(Material to process begins)
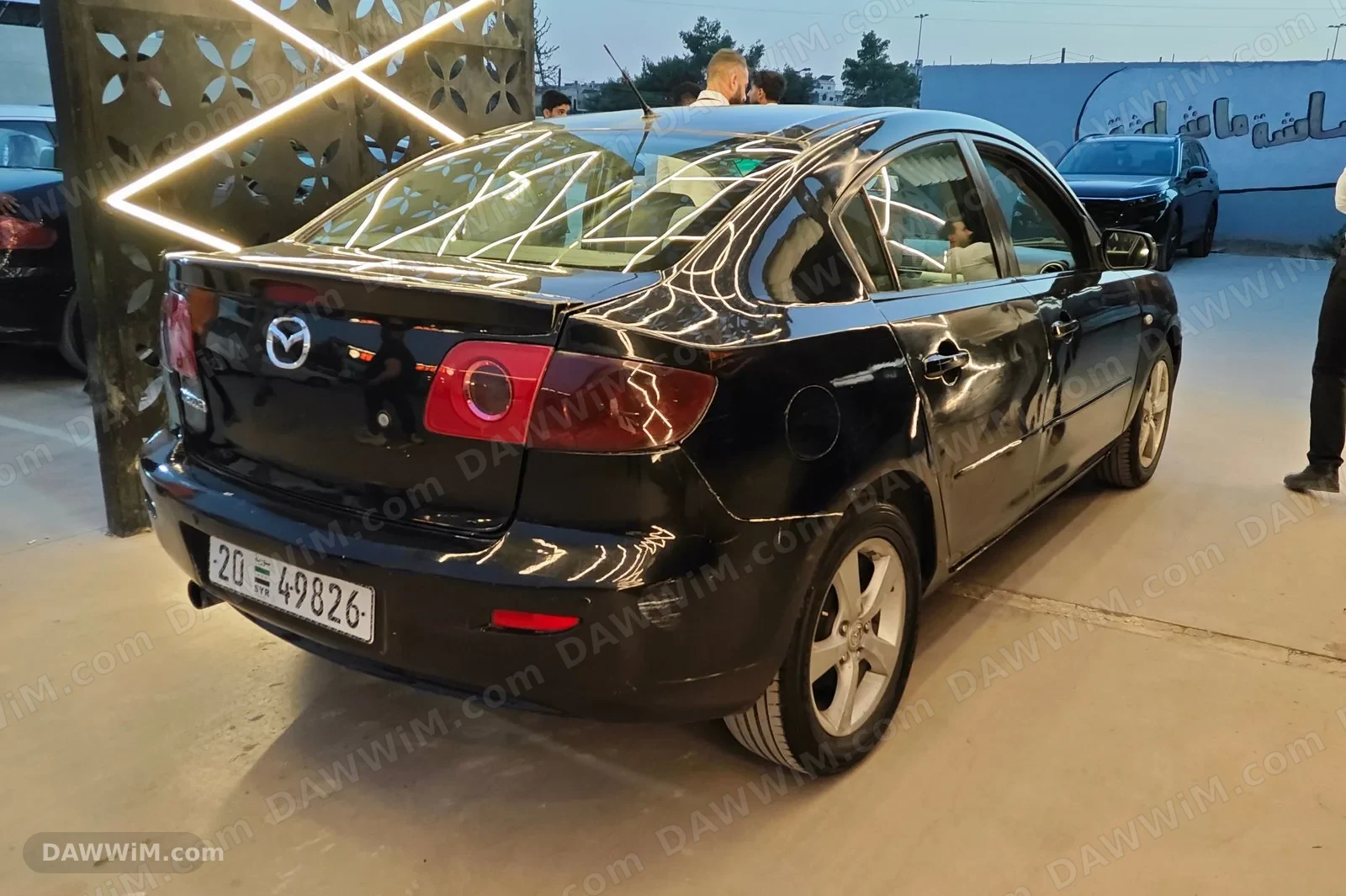 مازدا زوم 3 - Mazda ZOOM 3 موديل 2005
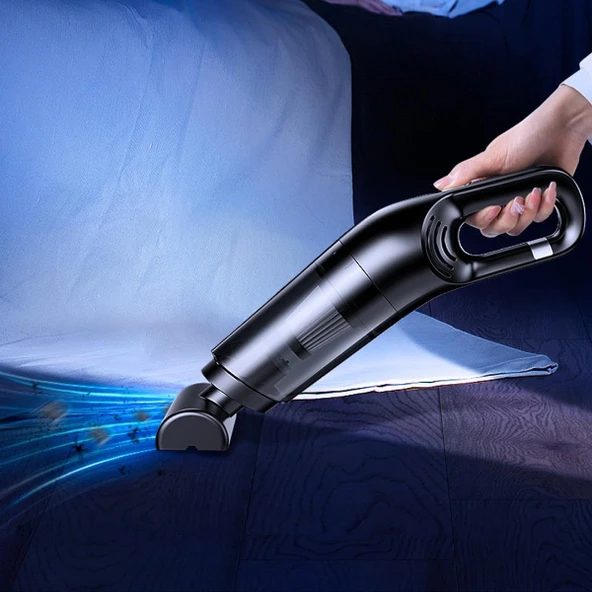 5 Başlıklı Araç Süpürgesi - Resim 3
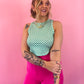MIXTAPE CHECKERED PRINT CROP TOP *S-XL!*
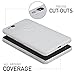 totallee Pixel 2 Case, Thinnest Cover Premium Ultra Thin Light Slim Minimal Anti-Scratch Protective - for Google Pixel 2 (Frosted White)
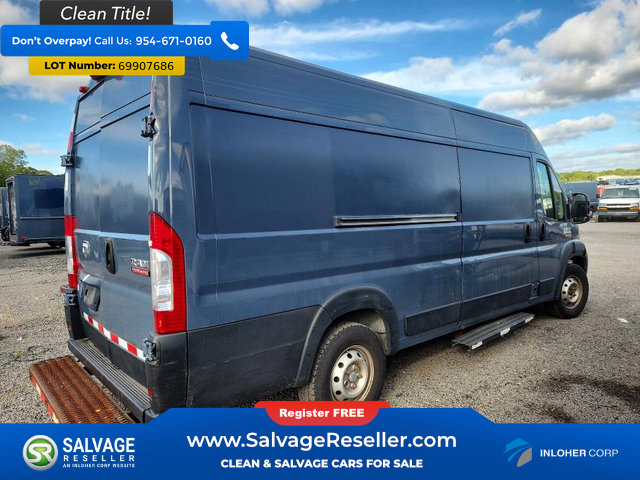 Used 2020 RAM ProMaster 3500 FWD image 4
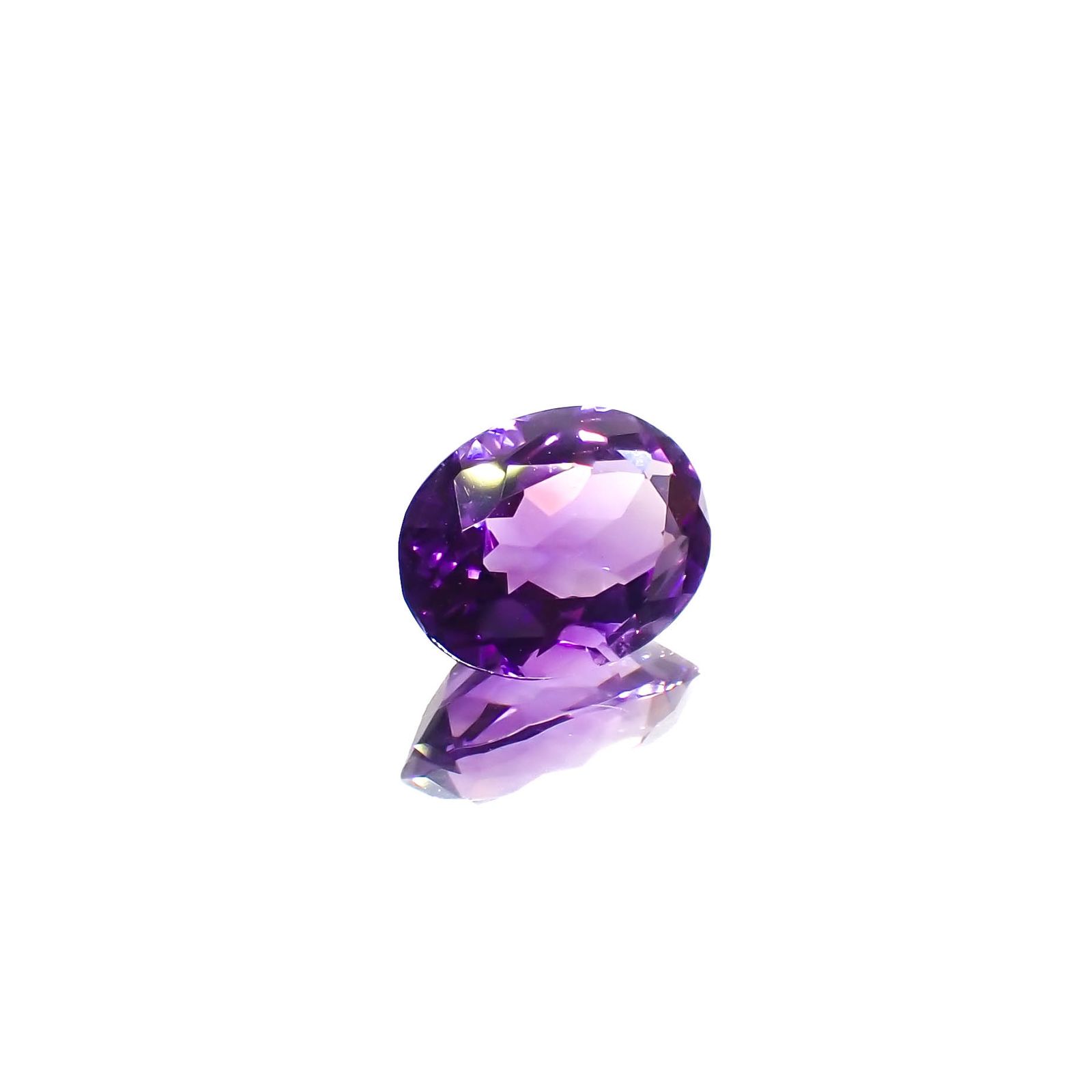 カラーシフトアメジスト ブラジル/ウルグアイ産 1.22ct[230321233]8.2x6.3mm前後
(Material to process ends)
Task item
An exact copy of every entry above is needed, with the pictures left out.

Task response
 مازدا زوم 3 - Mazda ZOOM 3 موديل 2005
 5 Başlıklı Araç Süpürgesi - Resim 3
MIXTAPE CHECKERED PRINT CROP TOP *S-XL!*
 totallee Pixel 2 Case, Thinnest Cover Premium Ultra Thin Light Slim Minimal Anti-Scratch Protective - for Google Pixel 2 (Frosted White)
 Used 2020 RAM ProMaster 3500 FWD image 4
 カラーシフトアメジスト ブラジル/ウルグアイ産 1.22ct[230321233]8.2x6.3mm前後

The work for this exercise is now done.